What to watch: UK prices to continue to be impacted by currency, politics and a reportedly large crop
The recent weather has made harvest a struggle for many in the UK.
UK prices were now trading at £20/tonne below equivalent French values.
And rapeseed reached fresh contract highs.
Nov-19 LIFFE wheat futures closed on Wednesday, August 7, at £143.20/tonne, a fall of £4.05/t on the week.
No two years are ever the same in the grain industry and this year is proving to be no exception.
The recent weather has meant harvest is still a struggle for many in the UK, especially with regard to moisture levels, which are also leading some to be over-enthusiastic about yields.
The excessive imports of wheat and maize at the end of last season have left most consumers in no hurry to purchase just-harvested commodity and, as such, farmers who have had grain that needs moving have sometimes struggled to find a destination and ‘acceptable’ price.
Ports are busy as UK wheat and barley remain export price competitive, but the real uncertainty still surrounds the UK crop's quality profile. The laboratories are flat-out, but it would take a brave person to second guess how wheat currently in the field will perform when finally cut.
UK prices will continue to be impacted by currency and this year will be an education for us all as we deal with global and local macro issues, along with what seems to be a reasonably large crop – if we believe Defra’s June survey data.
Sellers remain in charge of European (and UK/US) grain markets.

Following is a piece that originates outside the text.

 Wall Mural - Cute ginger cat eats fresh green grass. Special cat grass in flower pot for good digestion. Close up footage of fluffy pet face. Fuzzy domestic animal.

Last weekMATIF wheat futures fell another €3/t, marking 10-day losses to about €8t.
In the UK losses were put at nearly £9/t over the same period, with UK wheat prices now trading at a remarkable £20/t below equivalent French values.

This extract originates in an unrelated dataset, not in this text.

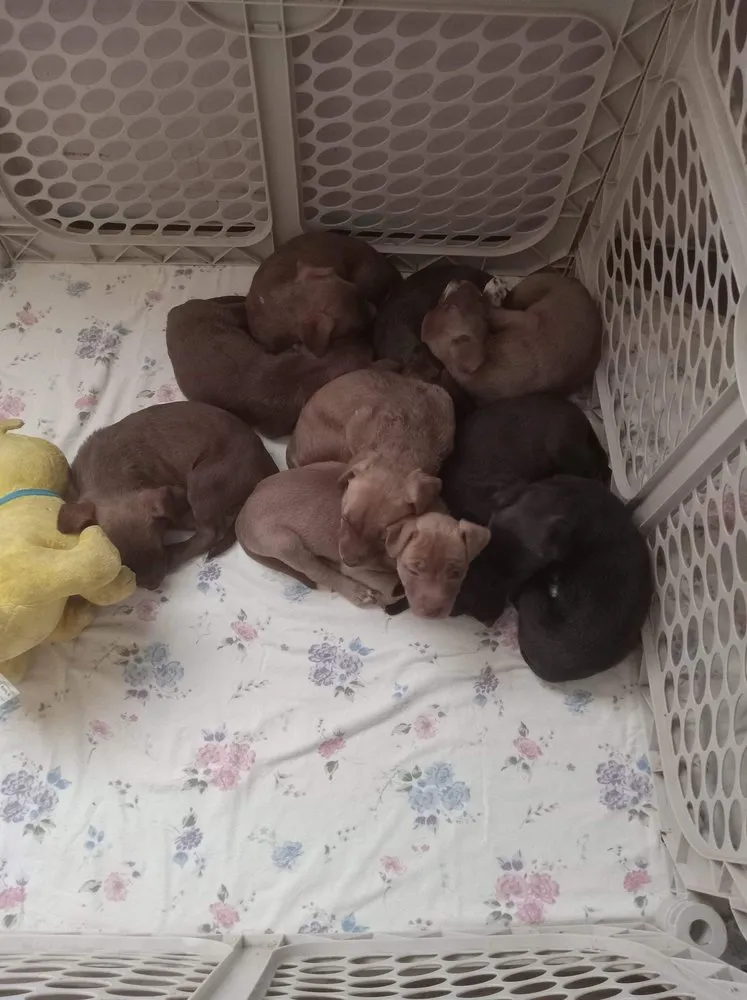 Slide of Zeiger Handyman And Repair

In their latest wheat tender, Egypt received offers from French exporters and on a FOB basis, were attractive. However, when the C&F freight component was added, prices were uncompetitive compared to Black Sea supplies, who duly won the tender.
The results indicate that continental wheats are nearly in position to gain vital North African export markets, which at such an early stage in the marketing season is an encouraging change from previous years, when Black Sea wheats have typically dominated sales during the first half of the season.

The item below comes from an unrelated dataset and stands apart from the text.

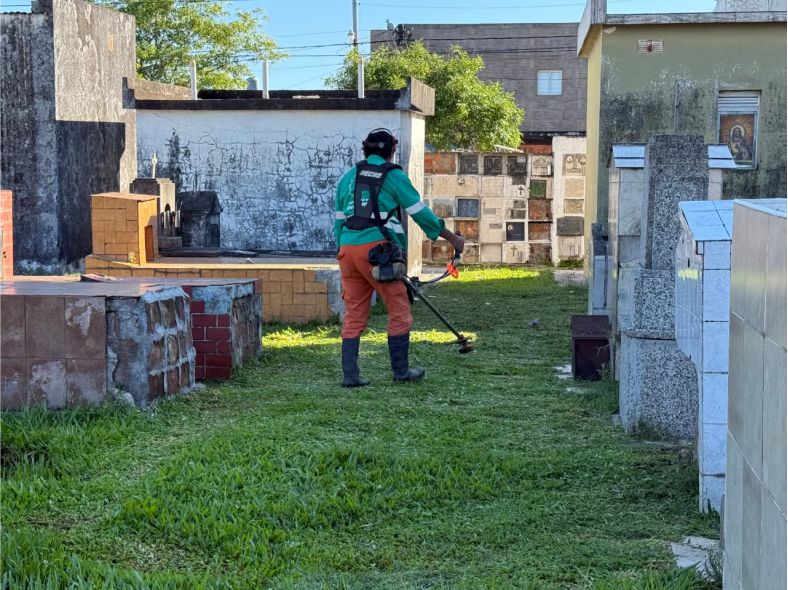 Limpieza cementerio San Francisco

Russian wheat export tonnages are lagging previous years as farmers hold back their generally good quality supplies from the export channels in anticipation of higher prices ahead.
Global wheat prices have continued to erode as large-scale supply competes with limited demand.
The fall in Black Sea and EU wheat prices continues to provide resistance in the US markets, despite exports from the US running 25 per cent ahead year-on-year.
Northern hemisphere wheat crops are almost made. Good yields are reported, although quality issues are increasing, especially in parts of the EU where excessive rain fell as crops matured and during harvest.
Focus is now switching to the southern hemisphere. Australia’s crop is described as being on a knife-edge due to a general shortage of rain, but Argentina is forecast to cut a record crop, and prices have benefited from the recent currency devaluation.
The bearish US corn report issued by USDA earlier this month has resulted in strong selling, driving prices lower. This is seen as a negative to wheat, as cheap corn competes directly with wheat into food, and animal feed diets.
In summary, wheat continues to drift lower trying to find demand, but harvest yields suggest the reality of an ‘oversupplied’ market will continue to weigh on prices, unless additional domestic or international demand is very quickly turned on.
New week and new high for EU rapeseed futures prices amid a reduced 2019 EU crop, which will require record imports of the oilseed this season and has resulted in rapeseed oil prices at its highest level in Rotterdam since November 2017.
The latter is also attributed to the recent EU decision to increase tariffs on Indonesian palm oil.
As of August 11, the European rapeseed imports were already 13 per cent higher than a year ago at 227,000t whilst the busiest months of the EU import season remain September and October, accounting for more than 20 per cent of the annual total on a five-year average.
The low soyabean pod counts and the delayed maturity of the US crops reported from the 2019 ProFarmer Midwest Crop Tour which kicked off at the beginning of the week were also underpinning oilseed prices.
Medium-term though, the ongoing US-China trade tensions, the decimating African swine fever virus spreading in South East Asia curbing soya demand and the weakness in South American currencies (Argentine peso and Brazilian real) are difficult to ignore and will continue to cap any rally in price, particularly for soyabean, which currently trades at a $100/t discount to EU rapeseed.